Synthesis and kinetic analysis of inhibitory LLO analogs

Inhibitors based on nonhydrolyzable substrates analogs have been extensively studied for glycosyltransferases that use nucleotide activated sugars (Compain and Martin 2001). Among those, substrate analogs bearing a phosphonate group at the anomeric carbon of the reducing-end or first sugar moiety (Gordon et al. 2006) or an elongated sugar–phosphate bond (Luengo and Gleason 1992; Schäfer and Thiem 2000) have been described in the literature. In the case of transglycolases, which use lipid-linked sugars as substrate donors, similar inhibitors have been synthesized coupling phosphonate or elongated phosphate sugars to short lipid carriers (Qiao and Vederas 1993; Garneau et al. 2004; Lin et al. 2015).

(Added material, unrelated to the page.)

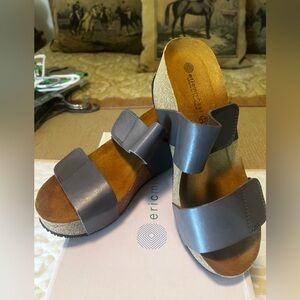 Eric Michael Womens Lily Sandal Size 38 7 Gray Leather Strap Slide Cork Wedge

In analogy to these approaches, we designed and synthesized potentially inhibitory LLO analogs containing a pyrophosphonate moiety, but otherwise structurally identical to the substrate LLO analogs described above. We chose the lipid (S),Z,E,E-farnesylcitronellol from the LLO analog 1d, which showed the highest apparent affinity (lowers Km value) in TbSTT3A assays , as well as the shorter lipid E,E-farnesol from 1b, which has a higher solubility in water and showed an apparent affinity only 2-fold lower compared to 1d (Table II). The resulting compounds 34b and 34d (Figure 5A) contain an unreactive pyrophosphonate group instead of the pyrophosphate moiety.

Fig. 5.

Fig. 5.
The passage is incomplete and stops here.